That said, the similarities definitely go beyond their first names. They have both spent years cultivating unparalleled connections within their respective sports (although King doesn't quite have the ubiquitous power that Gammons holds). They both use particularly tired cliches, and spend a lot of time fawning over players and passing off the fawning as analysis. Finally, the most aggravating thing to me is the constant name-dropping. In this respect King may be an even worse offender than Gammons. Anyway, enough with the preamble. Let's dig in!
"And the legend grows,'' Eddie George said just after 4 p.m.
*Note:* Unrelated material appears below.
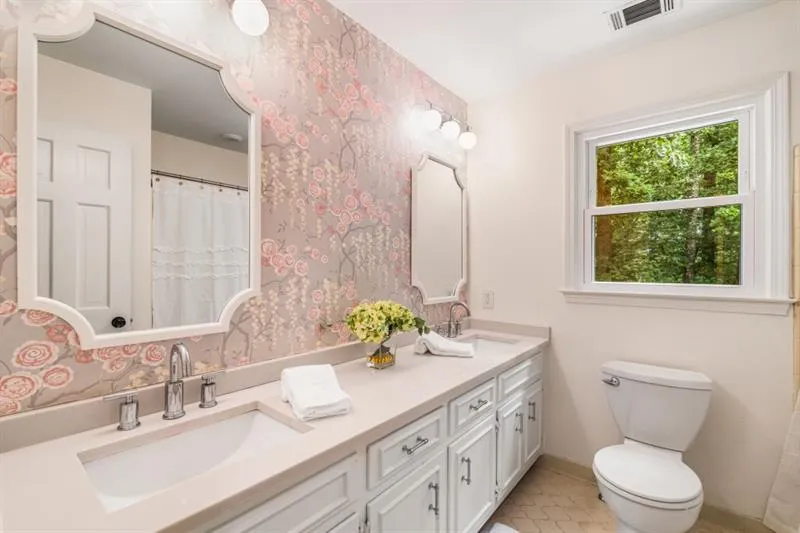 One of the 3 full upstairs bathrooms.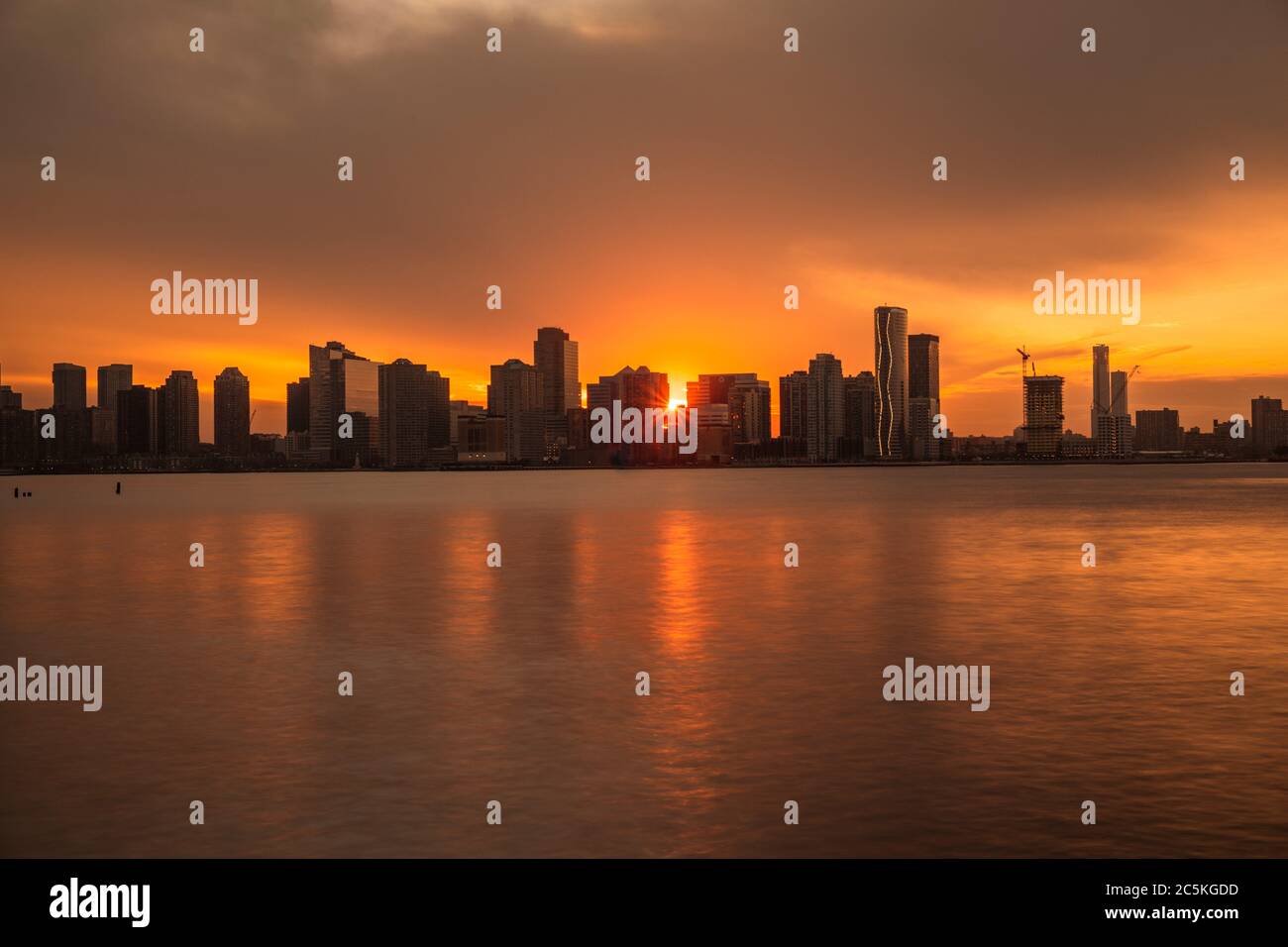 Long exposure photo at the Hudson river in New York City. Beautiful skyline. The sun is setting behind the skyscrapers. Stock Photo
Sunday afternoon at the NBC studios, staring up at the nine-television wall the crew members of NBC's Football Night in America fixate on every Sunday during the NFL season.
This is how he opens his column. Why is he telling us this? Is he trying to make us jealous of NBC's crew, that they get to "fixate" on a nine-television wall? Also, this quote from George is neither insightful nor accurate; even Tony Romo is not a "legend" after one and a half good seasons. By the way, in case you were wondering whether Eddie George is cool enough to hang out with Peter King...
George, a former Heisman Trophy winner...
Oh, ok, whew.
...stayed over to visit with his good buddy Jerome Bettis...
Gratuitous name drop number 2.
...and to see how our show is put together.
I guarantee you Eddie George doesn't give two shits about how the show is put together. What, he can't think for the life of him how an NFL studio show is put together? He's never seen one before? He can't figure it out? Or is it just the awesome Peter King's show that he's curious about? This bullshit is something King pulls incessantly; he makes shit up, for the sole purpose of making himself seem more important. Then he goes off on a boring speech directed at team owners about not spending a lot of money on coaches, and about how quarterbacks are more important. I won't cut-and-paste the entire thing, because this post is already going to be super long. Here's a nice piece of advice:
There's something more important than a $4 million coach -- a quarterback.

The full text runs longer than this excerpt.